→ Work request: Return the records exactly, from the first line through the "Full-scale model of" line.
[Exercise data — start]
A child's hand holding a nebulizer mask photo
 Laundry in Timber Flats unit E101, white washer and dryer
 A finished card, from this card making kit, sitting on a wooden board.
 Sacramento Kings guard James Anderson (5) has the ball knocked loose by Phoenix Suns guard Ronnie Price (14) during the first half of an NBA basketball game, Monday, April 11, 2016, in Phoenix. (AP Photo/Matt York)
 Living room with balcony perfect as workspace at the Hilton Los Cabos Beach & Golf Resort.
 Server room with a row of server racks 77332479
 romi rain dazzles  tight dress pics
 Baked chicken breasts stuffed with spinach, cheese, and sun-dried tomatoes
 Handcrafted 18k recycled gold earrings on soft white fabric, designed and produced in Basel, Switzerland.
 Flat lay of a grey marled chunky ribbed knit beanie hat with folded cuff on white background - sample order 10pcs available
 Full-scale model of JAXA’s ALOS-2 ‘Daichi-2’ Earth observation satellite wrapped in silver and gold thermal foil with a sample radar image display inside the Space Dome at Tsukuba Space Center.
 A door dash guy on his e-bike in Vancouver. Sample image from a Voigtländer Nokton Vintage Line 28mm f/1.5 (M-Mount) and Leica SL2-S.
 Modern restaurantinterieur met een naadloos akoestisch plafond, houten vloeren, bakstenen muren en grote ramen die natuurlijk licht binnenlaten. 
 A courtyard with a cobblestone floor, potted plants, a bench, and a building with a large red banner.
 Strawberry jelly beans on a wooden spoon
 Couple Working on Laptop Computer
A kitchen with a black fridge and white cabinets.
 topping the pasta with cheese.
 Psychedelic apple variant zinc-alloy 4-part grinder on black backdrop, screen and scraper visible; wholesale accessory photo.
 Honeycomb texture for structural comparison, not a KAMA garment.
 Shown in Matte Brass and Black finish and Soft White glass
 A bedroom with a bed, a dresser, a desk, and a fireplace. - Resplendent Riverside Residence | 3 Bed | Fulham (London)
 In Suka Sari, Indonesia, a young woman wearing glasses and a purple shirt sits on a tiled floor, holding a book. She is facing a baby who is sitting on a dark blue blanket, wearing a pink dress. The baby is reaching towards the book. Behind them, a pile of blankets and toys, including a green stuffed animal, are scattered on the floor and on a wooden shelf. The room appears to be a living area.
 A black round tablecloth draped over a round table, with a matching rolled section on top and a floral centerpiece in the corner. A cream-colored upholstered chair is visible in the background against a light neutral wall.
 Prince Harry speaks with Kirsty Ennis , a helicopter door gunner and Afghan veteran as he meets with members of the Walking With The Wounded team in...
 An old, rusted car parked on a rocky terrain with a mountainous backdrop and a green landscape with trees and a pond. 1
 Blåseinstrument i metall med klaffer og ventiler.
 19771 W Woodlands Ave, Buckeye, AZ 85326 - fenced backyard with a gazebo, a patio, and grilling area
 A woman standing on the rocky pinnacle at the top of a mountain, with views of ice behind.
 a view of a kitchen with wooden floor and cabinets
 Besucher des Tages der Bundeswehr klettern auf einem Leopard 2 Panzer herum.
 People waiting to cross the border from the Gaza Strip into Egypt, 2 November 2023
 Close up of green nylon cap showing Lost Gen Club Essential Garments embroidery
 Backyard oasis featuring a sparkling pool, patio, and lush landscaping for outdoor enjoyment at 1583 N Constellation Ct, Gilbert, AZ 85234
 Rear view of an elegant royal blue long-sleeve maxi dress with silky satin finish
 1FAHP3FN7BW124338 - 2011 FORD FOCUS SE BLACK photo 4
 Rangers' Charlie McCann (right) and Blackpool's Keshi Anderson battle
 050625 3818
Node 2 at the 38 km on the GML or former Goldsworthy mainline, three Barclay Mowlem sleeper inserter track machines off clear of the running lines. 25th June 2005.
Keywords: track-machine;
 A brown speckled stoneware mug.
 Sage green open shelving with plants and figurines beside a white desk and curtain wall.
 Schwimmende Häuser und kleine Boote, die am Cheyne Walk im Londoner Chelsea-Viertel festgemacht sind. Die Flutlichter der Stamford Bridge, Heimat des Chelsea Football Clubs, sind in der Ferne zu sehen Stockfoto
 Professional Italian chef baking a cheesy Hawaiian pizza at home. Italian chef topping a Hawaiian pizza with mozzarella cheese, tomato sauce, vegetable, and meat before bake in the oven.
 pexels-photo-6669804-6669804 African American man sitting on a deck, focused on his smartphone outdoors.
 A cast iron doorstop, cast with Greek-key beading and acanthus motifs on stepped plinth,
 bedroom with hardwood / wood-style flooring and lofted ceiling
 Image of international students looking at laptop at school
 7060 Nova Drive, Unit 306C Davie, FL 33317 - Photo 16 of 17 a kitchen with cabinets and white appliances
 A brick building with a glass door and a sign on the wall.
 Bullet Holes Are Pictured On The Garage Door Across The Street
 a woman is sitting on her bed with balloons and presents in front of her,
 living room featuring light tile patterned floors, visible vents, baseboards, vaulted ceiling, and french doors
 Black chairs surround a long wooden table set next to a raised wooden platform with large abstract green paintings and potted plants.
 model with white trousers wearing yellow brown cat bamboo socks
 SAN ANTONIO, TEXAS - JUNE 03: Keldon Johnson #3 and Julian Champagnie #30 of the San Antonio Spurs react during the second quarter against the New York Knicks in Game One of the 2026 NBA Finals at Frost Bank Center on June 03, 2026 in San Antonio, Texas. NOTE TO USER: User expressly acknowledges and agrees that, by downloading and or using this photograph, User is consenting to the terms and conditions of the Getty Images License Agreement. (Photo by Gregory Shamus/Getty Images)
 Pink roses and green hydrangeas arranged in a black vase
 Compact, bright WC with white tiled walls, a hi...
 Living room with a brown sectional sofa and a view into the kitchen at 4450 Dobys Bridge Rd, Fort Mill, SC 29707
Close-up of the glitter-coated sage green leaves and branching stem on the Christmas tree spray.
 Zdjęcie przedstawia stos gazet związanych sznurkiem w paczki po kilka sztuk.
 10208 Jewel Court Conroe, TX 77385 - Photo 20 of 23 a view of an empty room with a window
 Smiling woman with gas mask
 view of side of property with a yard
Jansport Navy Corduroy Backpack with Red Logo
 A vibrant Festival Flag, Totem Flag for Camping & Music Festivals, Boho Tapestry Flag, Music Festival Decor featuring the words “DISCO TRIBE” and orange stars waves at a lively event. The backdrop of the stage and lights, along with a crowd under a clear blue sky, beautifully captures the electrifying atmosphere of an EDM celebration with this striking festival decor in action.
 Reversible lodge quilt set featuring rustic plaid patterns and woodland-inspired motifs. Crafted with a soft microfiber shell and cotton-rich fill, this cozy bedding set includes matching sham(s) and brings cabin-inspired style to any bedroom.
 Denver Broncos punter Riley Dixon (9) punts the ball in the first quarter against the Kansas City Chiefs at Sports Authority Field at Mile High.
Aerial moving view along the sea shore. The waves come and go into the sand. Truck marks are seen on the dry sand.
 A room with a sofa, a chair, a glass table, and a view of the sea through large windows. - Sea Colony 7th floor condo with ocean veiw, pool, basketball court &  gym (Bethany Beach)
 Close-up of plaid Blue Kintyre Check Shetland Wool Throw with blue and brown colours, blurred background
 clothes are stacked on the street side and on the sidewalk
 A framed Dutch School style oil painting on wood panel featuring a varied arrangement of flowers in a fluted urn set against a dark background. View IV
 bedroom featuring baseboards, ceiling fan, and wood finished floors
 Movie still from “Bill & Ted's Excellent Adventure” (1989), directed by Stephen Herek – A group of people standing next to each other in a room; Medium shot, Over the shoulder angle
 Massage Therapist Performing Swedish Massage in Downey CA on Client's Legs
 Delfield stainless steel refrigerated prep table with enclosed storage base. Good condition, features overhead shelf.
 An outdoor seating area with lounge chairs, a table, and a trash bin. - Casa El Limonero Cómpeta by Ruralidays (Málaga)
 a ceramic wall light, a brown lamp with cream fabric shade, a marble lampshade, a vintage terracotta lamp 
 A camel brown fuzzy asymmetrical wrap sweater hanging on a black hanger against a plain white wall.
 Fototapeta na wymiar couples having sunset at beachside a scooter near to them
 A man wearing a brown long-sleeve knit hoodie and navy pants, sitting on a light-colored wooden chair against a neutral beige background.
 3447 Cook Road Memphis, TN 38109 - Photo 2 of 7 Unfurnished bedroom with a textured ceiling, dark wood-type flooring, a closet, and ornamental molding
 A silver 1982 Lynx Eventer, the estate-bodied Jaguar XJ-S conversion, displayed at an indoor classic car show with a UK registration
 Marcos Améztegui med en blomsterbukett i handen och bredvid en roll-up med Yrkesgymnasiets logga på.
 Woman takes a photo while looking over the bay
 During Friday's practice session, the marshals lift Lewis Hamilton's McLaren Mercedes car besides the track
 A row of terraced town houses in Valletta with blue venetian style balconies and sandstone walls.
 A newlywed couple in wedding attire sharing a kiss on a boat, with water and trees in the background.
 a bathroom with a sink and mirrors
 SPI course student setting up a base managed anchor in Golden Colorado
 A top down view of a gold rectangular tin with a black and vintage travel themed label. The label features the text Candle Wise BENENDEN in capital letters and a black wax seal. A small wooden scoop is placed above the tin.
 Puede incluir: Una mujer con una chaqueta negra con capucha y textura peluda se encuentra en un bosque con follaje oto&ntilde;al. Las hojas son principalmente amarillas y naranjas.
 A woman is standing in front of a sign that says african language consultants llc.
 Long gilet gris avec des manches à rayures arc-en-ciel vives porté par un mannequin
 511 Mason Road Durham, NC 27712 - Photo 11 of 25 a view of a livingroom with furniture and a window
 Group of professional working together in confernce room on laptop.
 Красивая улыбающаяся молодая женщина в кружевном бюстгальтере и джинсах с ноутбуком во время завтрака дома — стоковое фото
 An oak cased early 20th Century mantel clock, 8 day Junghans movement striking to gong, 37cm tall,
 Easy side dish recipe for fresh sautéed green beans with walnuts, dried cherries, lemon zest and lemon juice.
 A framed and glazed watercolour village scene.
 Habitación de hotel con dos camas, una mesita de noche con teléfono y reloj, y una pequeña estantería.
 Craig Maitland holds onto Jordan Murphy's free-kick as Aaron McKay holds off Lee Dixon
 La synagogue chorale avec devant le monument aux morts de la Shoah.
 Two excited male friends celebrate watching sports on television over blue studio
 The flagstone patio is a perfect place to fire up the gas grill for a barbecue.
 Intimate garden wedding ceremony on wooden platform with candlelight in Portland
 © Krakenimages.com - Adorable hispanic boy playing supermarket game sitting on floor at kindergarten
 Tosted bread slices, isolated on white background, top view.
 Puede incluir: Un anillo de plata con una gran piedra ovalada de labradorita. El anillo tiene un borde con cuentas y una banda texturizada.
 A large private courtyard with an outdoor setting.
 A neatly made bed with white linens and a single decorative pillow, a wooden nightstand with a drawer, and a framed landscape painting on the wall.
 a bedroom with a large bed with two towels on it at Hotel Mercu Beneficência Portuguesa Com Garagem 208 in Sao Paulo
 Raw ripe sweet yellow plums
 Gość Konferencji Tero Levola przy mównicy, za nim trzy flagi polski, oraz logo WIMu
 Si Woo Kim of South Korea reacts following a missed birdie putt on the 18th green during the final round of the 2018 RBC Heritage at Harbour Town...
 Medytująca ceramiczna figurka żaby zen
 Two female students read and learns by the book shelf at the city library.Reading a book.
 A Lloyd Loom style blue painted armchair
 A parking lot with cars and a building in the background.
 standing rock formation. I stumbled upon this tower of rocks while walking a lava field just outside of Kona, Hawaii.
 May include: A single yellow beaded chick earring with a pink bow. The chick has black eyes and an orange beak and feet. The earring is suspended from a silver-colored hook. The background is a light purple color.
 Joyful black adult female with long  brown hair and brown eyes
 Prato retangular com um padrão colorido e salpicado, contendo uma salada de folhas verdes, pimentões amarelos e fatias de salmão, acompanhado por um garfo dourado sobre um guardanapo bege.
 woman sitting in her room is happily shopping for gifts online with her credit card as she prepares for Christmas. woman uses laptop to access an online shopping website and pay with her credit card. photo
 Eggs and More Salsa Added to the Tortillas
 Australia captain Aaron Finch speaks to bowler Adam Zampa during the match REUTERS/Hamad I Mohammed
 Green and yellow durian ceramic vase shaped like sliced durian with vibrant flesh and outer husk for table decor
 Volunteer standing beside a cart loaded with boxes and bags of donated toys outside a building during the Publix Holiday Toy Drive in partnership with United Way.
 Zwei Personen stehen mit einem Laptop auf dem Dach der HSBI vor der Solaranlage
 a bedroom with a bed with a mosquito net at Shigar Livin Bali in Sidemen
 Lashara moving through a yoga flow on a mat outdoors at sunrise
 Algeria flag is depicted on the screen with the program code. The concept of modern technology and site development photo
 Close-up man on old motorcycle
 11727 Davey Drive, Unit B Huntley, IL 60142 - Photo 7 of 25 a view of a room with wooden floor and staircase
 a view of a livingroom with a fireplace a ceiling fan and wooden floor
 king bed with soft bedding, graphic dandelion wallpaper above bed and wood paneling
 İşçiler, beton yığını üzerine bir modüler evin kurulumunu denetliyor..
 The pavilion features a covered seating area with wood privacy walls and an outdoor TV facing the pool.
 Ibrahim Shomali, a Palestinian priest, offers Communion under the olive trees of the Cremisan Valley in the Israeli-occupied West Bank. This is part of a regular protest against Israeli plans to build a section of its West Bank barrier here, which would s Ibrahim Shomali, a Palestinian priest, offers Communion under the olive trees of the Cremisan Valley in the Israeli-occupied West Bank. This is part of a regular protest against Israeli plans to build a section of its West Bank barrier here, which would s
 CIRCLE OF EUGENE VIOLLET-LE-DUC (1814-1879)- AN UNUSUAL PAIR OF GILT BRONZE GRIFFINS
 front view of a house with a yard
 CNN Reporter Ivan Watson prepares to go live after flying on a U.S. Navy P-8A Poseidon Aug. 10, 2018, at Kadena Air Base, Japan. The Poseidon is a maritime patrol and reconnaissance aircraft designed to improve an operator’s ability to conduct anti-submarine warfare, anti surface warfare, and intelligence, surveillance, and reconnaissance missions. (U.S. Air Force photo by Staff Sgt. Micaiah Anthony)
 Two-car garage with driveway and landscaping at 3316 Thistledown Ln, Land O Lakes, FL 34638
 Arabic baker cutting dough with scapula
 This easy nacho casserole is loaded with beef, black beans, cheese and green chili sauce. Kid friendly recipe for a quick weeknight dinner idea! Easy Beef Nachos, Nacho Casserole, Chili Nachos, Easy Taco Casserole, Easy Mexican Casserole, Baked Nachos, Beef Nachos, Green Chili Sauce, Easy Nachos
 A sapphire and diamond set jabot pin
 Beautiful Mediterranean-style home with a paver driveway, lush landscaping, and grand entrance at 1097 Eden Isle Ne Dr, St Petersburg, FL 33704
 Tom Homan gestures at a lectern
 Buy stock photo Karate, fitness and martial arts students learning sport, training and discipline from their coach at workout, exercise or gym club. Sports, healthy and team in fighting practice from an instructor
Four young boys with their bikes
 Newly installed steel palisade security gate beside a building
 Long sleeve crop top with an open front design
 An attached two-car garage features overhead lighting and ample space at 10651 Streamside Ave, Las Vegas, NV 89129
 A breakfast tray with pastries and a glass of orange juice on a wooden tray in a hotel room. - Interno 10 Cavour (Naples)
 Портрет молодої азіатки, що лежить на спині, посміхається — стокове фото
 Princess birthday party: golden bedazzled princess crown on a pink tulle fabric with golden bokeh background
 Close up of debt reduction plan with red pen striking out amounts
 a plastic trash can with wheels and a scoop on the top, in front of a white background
[Exercise data — finish]
→ Task response:
A child's hand holding a nebulizer mask photo
 Laundry in Timber Flats unit E101, white washer and dryer
 A finished card, from this card making kit, sitting on a wooden board.
 Sacramento Kings guard James Anderson (5) has the ball knocked loose by Phoenix Suns guard Ronnie Price (14) during the first half of an NBA basketball game, Monday, April 11, 2016, in Phoenix. (AP Photo/Matt York)
 Living room with balcony perfect as workspace at the Hilton Los Cabos Beach & Golf Resort.
 Server room with a row of server racks 77332479
 romi rain dazzles  tight dress pics
 Baked chicken breasts stuffed with spinach, cheese, and sun-dried tomatoes
 Handcrafted 18k recycled gold earrings on soft white fabric, designed and produced in Basel, Switzerland.
 Flat lay of a grey marled chunky ribbed knit beanie hat with folded cuff on white background - sample order 10pcs available
 Full-scale model of JAXA’s ALOS-2 ‘Daichi-2’ Earth observation satellite wrapped in silver and gold thermal foil with a sample radar image display inside the Space Dome at Tsukuba Space Center.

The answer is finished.